The government has stressed that the Supreme Court needs to first finalise the long-pending memorandum of procedure (MoP) that provides for conditions and timeline for appointments to the higher judiciary.
This comes after the apex court disapproved the practice of Centre to “pick and choose” out of names recommended by its collegium for judgeship in high courts and apex court, terming it “troublesome” which affects seniority of judges.
There have been differences between the government and the apex court collegium on some of the latter’s picks for high court judgeship.
Sources in the government said finalisation of a revised MoP has been pending for the last seven years, with the government periodically sending reminders to the court.
The last one was sent in January when the law ministry reiterated the need for setting up search-and-evaluation committees for streamlining the process of appointment of judges to the SC and high courts.
The proposal is for setting up separate search-and-evaluation committees for the Supreme Court and all 25 high courts, which would screen names for appointment before they are recommended by the collegium.
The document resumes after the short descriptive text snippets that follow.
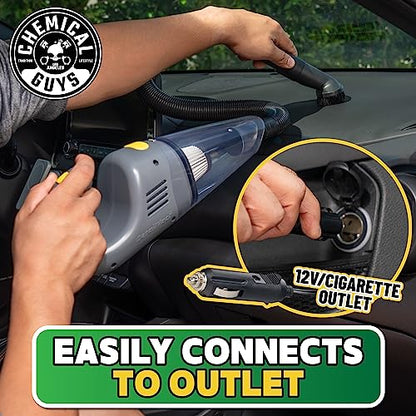 Chemical Guys EQP410 DetailVac Handheld Portable Car Vacuum, 110w 8.8amp Electric Motor, (Great for Cars, Trucks, SUVs, Motorcycles, RVs, Home, Pets, Kids, Office, and On The Go) Gray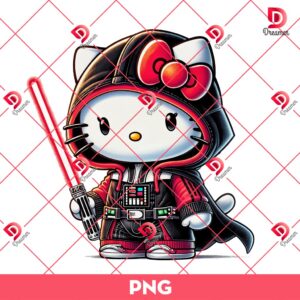 Hello Kitty Wearing Darth Vader Costume PNG, Hello Kitty Dressed Star Wars Darth Vader Outfits PNG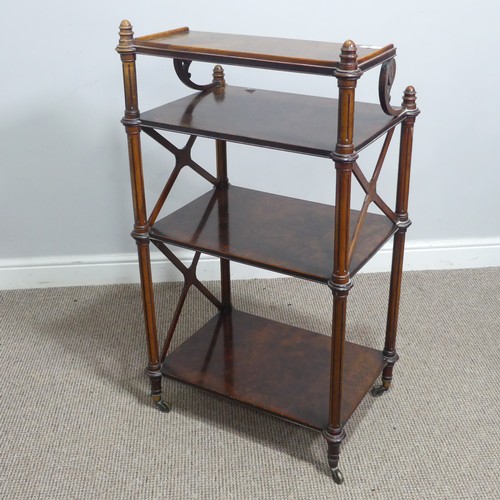 711 - A good Regency burr walnut four-tier Etagere, with reeded shelves and 'X' shaped side supports, rais...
The composition of the search committees has been held up because of the court’s discomfort with the Centre’s proposal that the bodies should have one government representative each, something the judiciary sees as transgressing the collegium’s monopoly over appointments to the higher judiciary.
It will be interesting to watch the SC’s response to Centre’s stance on prioritising the constitution of search and evaluation committees, considering that it has made no secret of its unhappiness about the collegium’s recommendations not being acted upon immediately.
While the government did clear some of the names, leading Justice Kaul to express satisfaction over the progress as well as the hope that the rest of the recommendations would get the green light soon, the government’s reminder on search and evaluation committees raises doubts about its complete acquiescence in the collegium’s preferences.
The matter will come up before the SC on November 7 when the court will review progress made by the government on all pending recommendations, including five recommendations reiterated by the collegium and five sent for the first time, besides transfer of 11 judges.
As of now, while HC collegiums, headed by the chief justice of the HC concerned and having two of its senior most judges as members, recommend names of advocates for judgeship of the HC, a similar process is followed in the SC where the collegium, headed by the CJI and comprising four senior most judges, picks names for the top court.
The SC collegium also screens names for HC picks before they are finally recommended to the government. In March, the parliamentary standing committee on law had urged the government and the SC to “weed out their differences” and finalise the revised MoP as HCs had over 30% vacancies.